He nodded, as if this was a standard reaction. "I know the feeling. But you need help. And even if I could get you out, I wouldn't. You need to get this under control, Fenton. Whether you like it or not."

"I don't know what I like anymore. Or what I want. I just feel tired."

Hxis chuckled mirthlessly. "Welcome to my world, Fenton. That feeling is what I refer to as 'everyday life'. You get used to it. Anyway, tomorrow I'm going to be giving you a thorough examination to make sure you're not suffering from a paranormal affliction; if you are we'll cross that bridge when we come to it. For now just get some sleep and tell the nurses that Dr. Yolotli's son is your frend. That ought to get them to lay off you."

"There are paranormal causes for this?" I asked hopefully, perking up. "Like what?"

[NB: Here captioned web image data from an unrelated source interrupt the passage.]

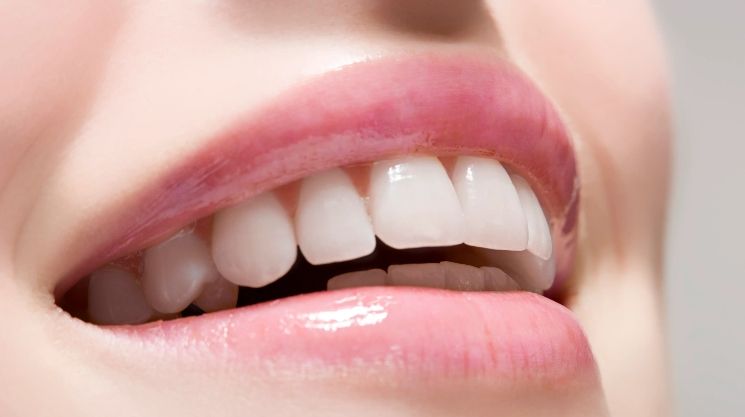 Comment utiliser le gel de blanchiment des dents en toute sécurité à la maison ? Guide complet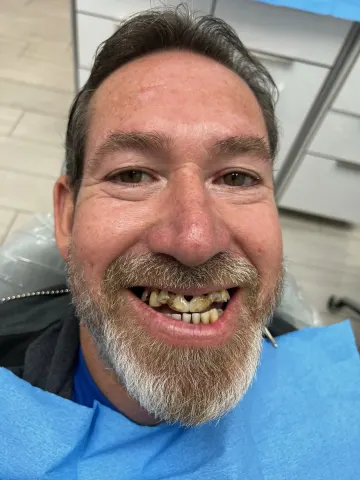 Patient 52, February 2, 2022, photo 1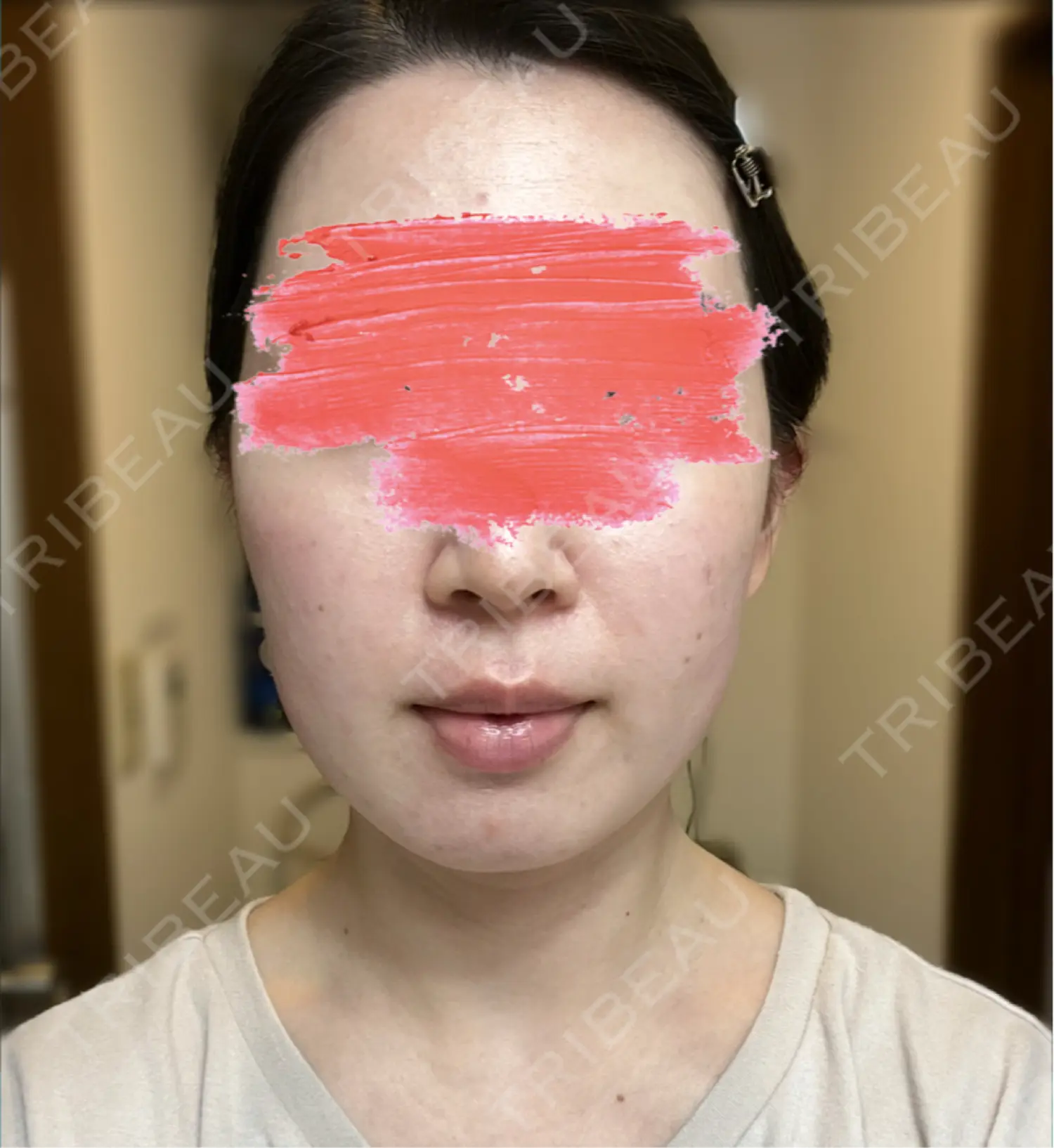 施術後の写真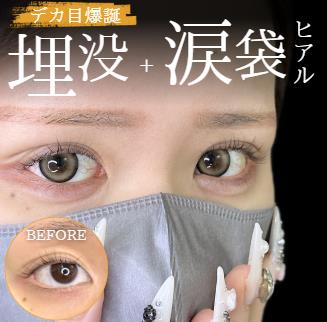涙袋ヒアルロン酸の症例写真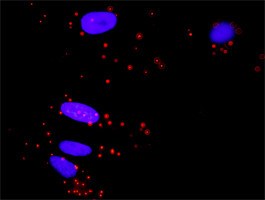 ELK1 Antibody in Proximity Ligation Assay (PLA) (PLA)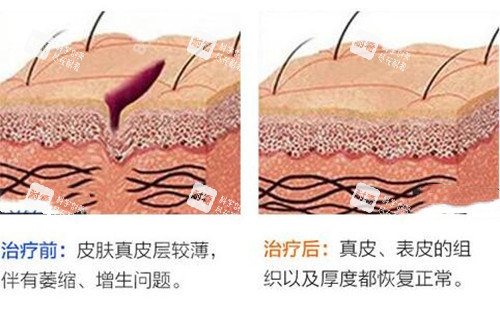 激光祛疤前后对比示意图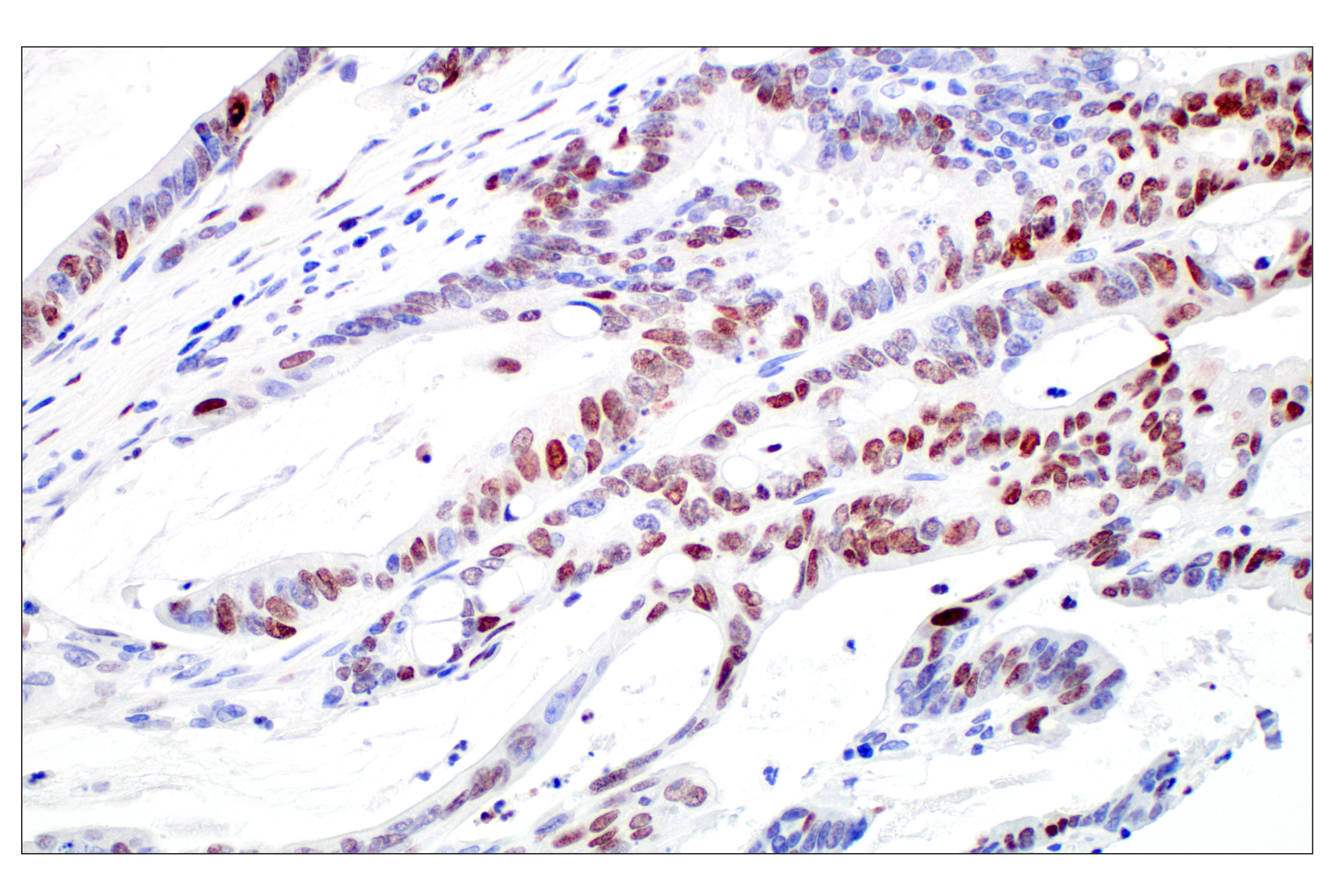 Immunohistochemistry Image 2: c-Fos (E2I7R) XP® Rabbit mAb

"Proxy Syndrome, transcendant possession, ghostly possession, a metachoric experience..." Hxis waved his hand vaguely again. "It could be a curse. You've got some indicators of a reincarnated memory, with the dreams and the surrealist feeling, but I can't tell what's wrong, exactly. You're a hard person to read and I don't have any equipment on me. Since we're in Amity Park, though, I'm willing to bet there's a fair chance of something supernatural going on. I'm not prepared to rule it out as a theory until we've looked into it properly. Neither is Jazz."

I wanted to beg him to stay, to explain more, but he slipped out the door as quickly and silently as he'd come, leaving me alone with my head spinning. Hxis wasn't like my parents - he dabbled in everything, had studied a little bit of everything, and knew a lot more than I did. I didn't know what half his suggestions even were. I didn't understand what he could possibly do to determine what was happening. All I knew was that he'd used the word possession twice. It made me shudder. I wasn't sure what the difference was between that and being overshadowed, other than that it was a lot harder to get a possession to stop. But in some sick way I'd almost prefer it to being stuck with an incurable, never ending nightmare of a life. I didn't want to spend the rest of my life feeling so adrift, so lost and alone. I didn't want this to be real. I wanted a paranormal explanation, a supernatural solution, anything that would be fixable. Somehow this stranger had become my last hope, and I hated being so helpless, so dependant on him for my sanity. I already felt a kind of growing resentment building up towards Hxis, his haughty and cold attitude, and his arrogance. In the same minute it also struck me that I was closer to him in this one moment than I had been the entire time we were trying to be friends for the sake of our mutual love of Sam.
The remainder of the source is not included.